- **WHAT THIS TASK INVOLVES**
Set down the material exactly, keeping every line whole.

- **EXERCISE INPUTS**
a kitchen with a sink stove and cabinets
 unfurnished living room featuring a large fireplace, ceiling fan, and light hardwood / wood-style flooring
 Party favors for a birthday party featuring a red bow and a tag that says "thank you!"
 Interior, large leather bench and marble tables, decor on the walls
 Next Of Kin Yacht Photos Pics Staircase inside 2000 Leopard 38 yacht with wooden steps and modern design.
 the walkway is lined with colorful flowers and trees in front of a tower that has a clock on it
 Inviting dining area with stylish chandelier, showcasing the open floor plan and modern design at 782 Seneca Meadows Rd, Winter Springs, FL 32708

- **EXERCISE ANSWER**
a kitchen with a sink stove and cabinets
 unfurnished living room featuring a large fireplace, ceiling fan, and light hardwood / wood-style flooring
 Party favors for a birthday party featuring a red bow and a tag that says "thank you!"
 Interior, large leather bench and marble tables, decor on the walls
 Next Of Kin Yacht Photos Pics Staircase inside 2000 Leopard 38 yacht with wooden steps and modern design.
 the walkway is lined with colorful flowers and trees in front of a tower that has a clock on it
 Inviting dining area with stylish chandelier, showcasing the open floor plan and modern design at 782 Seneca Meadows Rd, Winter Springs, FL 32708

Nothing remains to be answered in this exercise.